Weight Talk Wednesday

Last week I addressed the negative external voices…  This week, I’m tackling the inner voices…

Part Two:  The negative self talk/comparisons we make internally

My mind is my own.
No one else can control what happens in my head.
No one else is responsible for the awful things I say to and about myself inside my head.
No one is forcing me to compare myself to others.  No one is telling me I always come up lacking in those comparisions.
No one is telling me that I don’t deserve my husband, or the opportunities that come my way.


No one but me.


So then why do I shoot myself down?  Why do I tell myself “You can’t do that”?  Why do I let rules/guidelines set by parents, family, friends, or society as a whole govern my percieved successes and percieved failures?

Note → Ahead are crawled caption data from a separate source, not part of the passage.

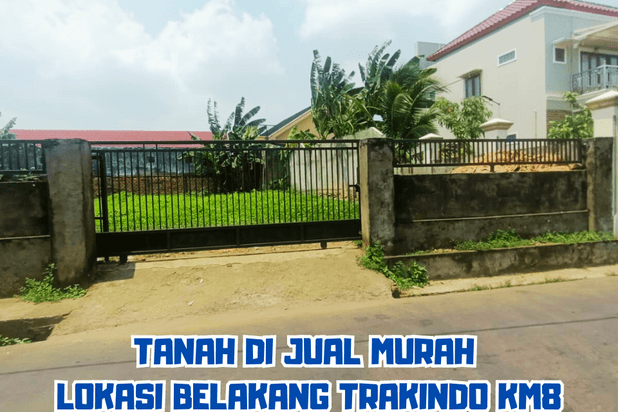 tanah di jual belakang trakindo km 8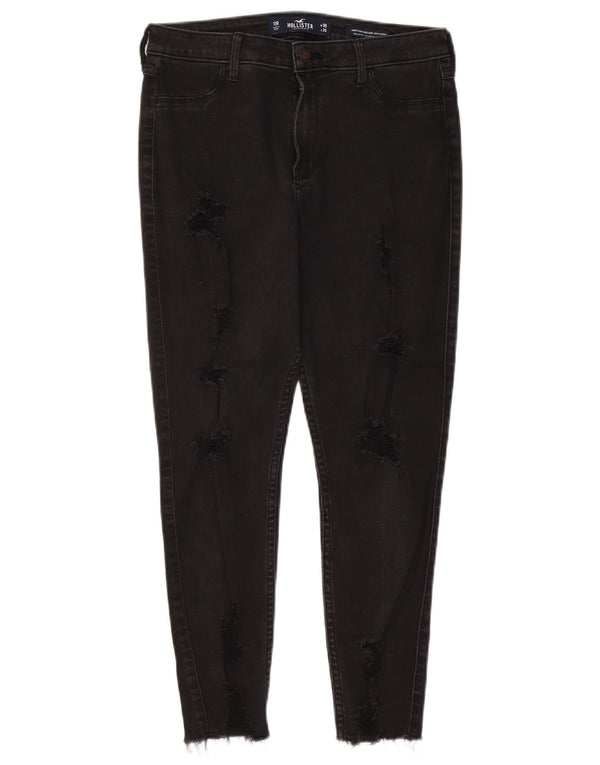 Hollister Jeans recortados de tiro alto con curvas para mujer US 11 Large W30 L26 Negro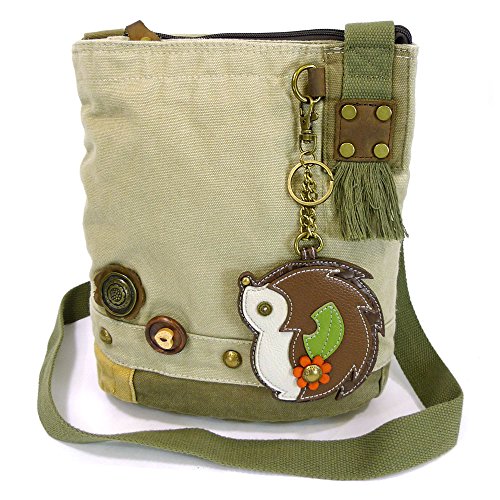 chala 御徒面子 継ぎ切れ 鞄 愛くるしい Patch Crossbody Bag-Hedgehog (Sand)chala 御徒面子 継ぎ切れ 鞄 愛くるしい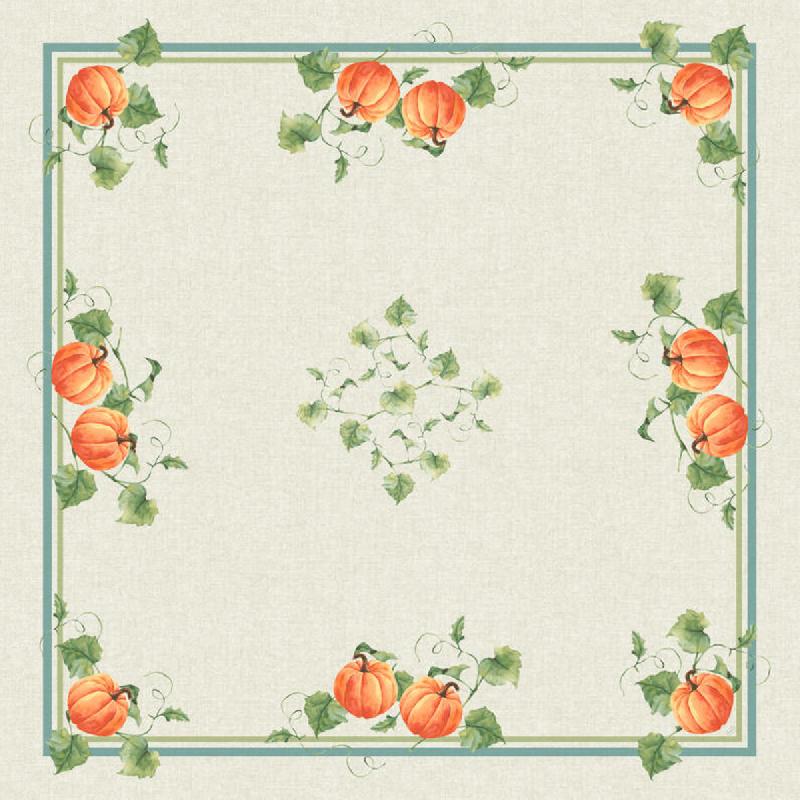 SURNAPPE ORANGE NON TISSÉ 84X84 CM HERITAGE HARVEST DUNI (20 PIÈCES)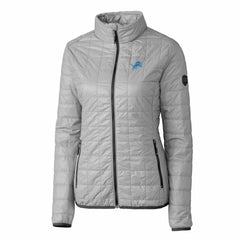 Detroit Lions Cutter & Buck Women's Rainier PrimaLoft Eco Insulated Full-Zip Puffer Jacket - Gray discount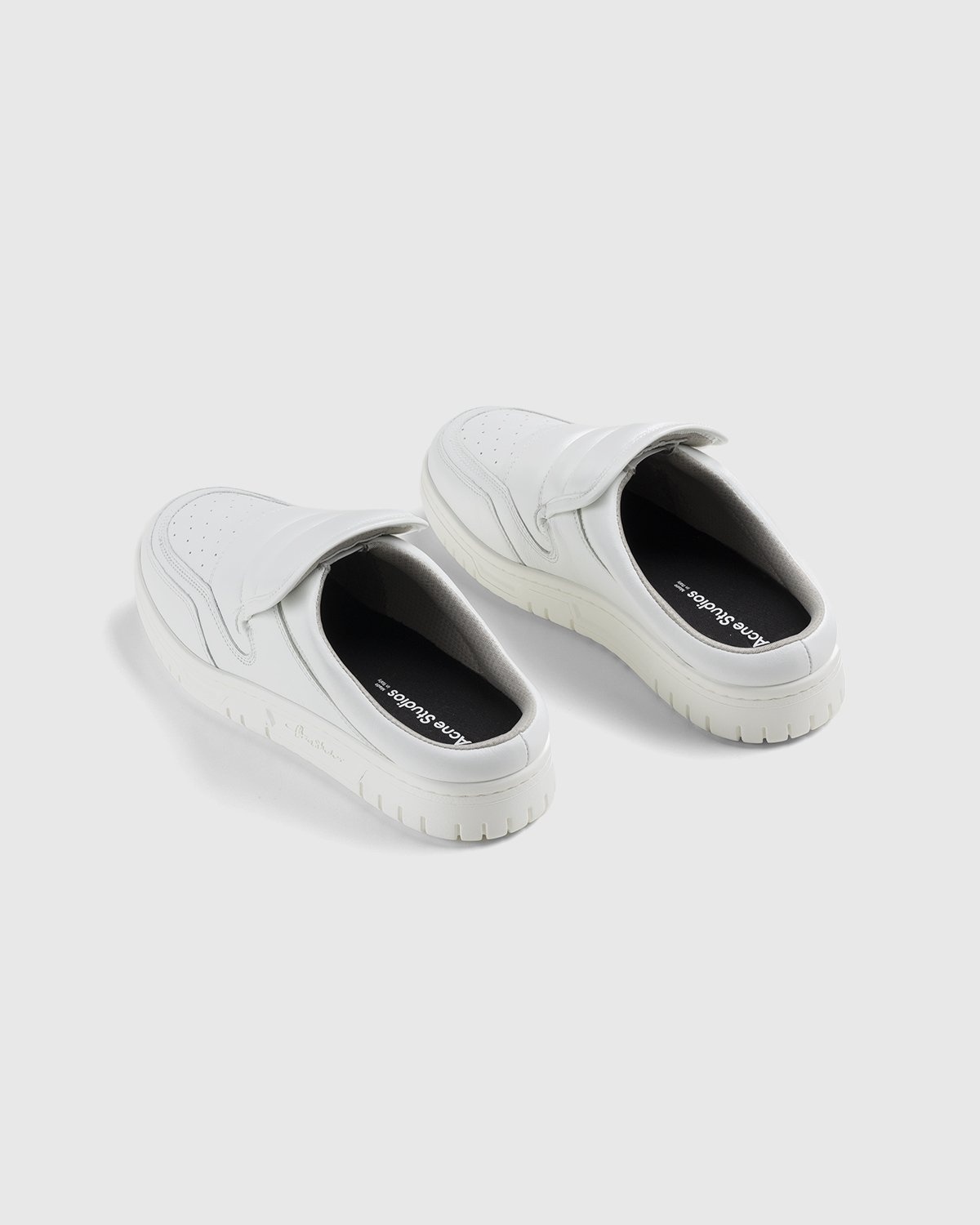 Acne Studios – Cow Leather Mule White - Mules - White - Image 4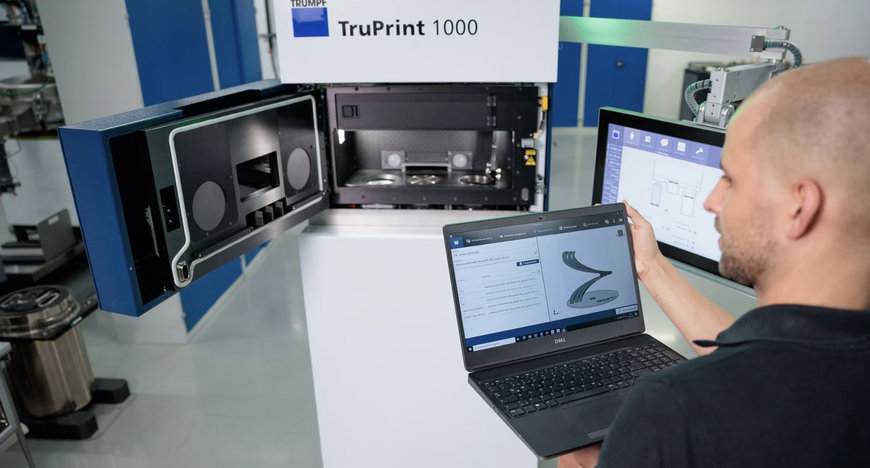 Stützenfreier 3D-Druck von TRUMPF ermöglicht neue Anwendungen und spart Material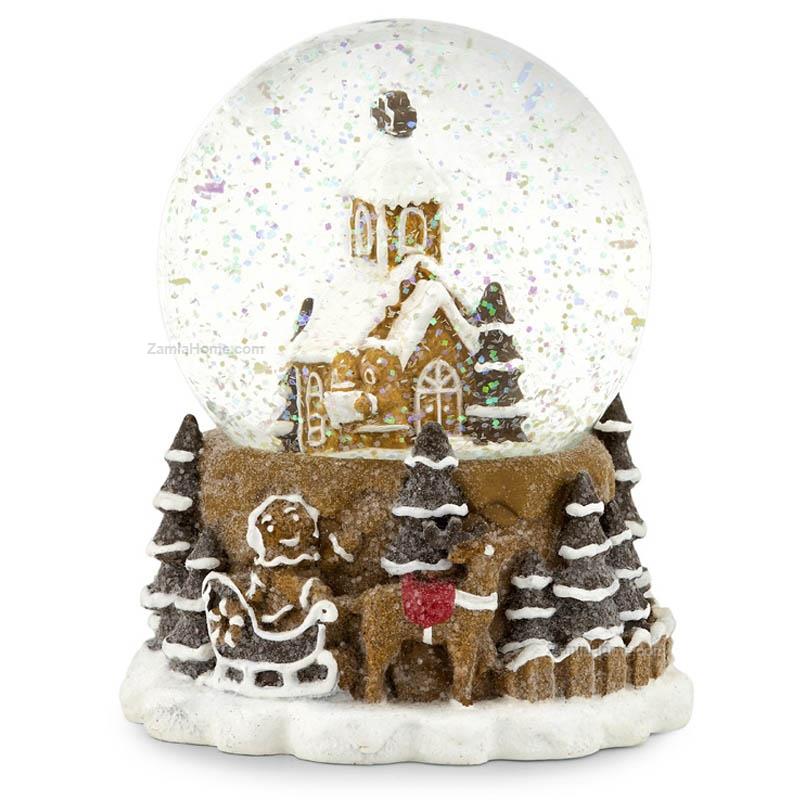Snow globe ginger house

Shouldn’t I be my own barometer? 

I think it’s important to be aware of oneself.  But awareness does not have to come with a judgement.  I could simply state the facts… I am this or I am that…. Without there having to be a negative judement with it.  I could just acknoledge these traits.  Instead, I always judge these items as “flaws” or “faults”.  For me, this is a difficult prediciment… it’s a double edged sword. 
If I don’t compare myself to others I won’t be as motivated to improve myself. 

If I do judge/compare myself, then I am judging myself and then am providing reinforcement to my insecurities.

It seems that the ideal situation would be to admire others, acknoledge my traits and attempt to cultivate the qualities I so admire in myself and others. To see those things as attributes to attain, rather than things to judge my failings by.

I think the negative self talk is more destructive than the external negativity… but I think they breed off of each other.

Which do you think is more destructive?  Do you think they are interrelated?